## About this exercise:
Run through the records and, wherever a line holds the word "Leather", return that line.

## Dataset records:
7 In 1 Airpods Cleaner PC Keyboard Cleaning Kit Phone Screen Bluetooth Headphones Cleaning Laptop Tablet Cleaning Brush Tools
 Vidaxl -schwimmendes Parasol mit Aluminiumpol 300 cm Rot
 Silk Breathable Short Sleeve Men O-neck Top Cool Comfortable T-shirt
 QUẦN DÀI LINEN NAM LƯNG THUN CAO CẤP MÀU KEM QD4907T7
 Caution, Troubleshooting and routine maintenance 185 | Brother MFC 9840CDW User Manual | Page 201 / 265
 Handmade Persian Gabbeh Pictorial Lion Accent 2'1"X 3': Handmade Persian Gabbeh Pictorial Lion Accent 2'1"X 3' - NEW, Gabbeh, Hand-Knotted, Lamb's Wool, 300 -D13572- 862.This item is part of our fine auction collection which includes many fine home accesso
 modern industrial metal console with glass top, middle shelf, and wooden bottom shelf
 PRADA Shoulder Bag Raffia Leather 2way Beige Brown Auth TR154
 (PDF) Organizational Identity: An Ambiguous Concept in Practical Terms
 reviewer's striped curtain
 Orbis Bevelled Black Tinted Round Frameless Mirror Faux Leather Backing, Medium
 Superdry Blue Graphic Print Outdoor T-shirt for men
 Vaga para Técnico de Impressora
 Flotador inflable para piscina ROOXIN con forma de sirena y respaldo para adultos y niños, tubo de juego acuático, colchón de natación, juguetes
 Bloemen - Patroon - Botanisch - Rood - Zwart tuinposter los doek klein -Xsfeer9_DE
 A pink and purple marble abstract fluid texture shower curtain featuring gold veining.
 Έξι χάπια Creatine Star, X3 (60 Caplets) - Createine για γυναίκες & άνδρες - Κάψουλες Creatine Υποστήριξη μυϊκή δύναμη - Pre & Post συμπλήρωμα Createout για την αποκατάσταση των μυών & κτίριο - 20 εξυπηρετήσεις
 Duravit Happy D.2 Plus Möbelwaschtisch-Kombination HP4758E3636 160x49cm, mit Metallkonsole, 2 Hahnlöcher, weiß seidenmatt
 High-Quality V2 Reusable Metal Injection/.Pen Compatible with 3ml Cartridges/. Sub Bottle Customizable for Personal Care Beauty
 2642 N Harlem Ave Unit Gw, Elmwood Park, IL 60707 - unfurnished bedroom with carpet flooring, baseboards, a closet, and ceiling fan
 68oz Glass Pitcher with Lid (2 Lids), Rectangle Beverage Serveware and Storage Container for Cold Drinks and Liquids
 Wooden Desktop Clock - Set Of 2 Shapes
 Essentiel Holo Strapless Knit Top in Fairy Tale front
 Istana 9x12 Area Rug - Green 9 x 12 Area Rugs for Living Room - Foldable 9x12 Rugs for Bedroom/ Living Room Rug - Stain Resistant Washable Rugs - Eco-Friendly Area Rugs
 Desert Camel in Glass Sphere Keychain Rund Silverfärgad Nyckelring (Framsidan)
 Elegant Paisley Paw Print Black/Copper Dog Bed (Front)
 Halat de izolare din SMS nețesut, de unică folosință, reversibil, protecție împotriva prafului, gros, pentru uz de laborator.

## Result:
 PRADA Shoulder Bag Raffia Leather 2way Beige Brown Auth TR154
 Orbis Bevelled Black Tinted Round Frameless Mirror Faux Leather Backing, Medium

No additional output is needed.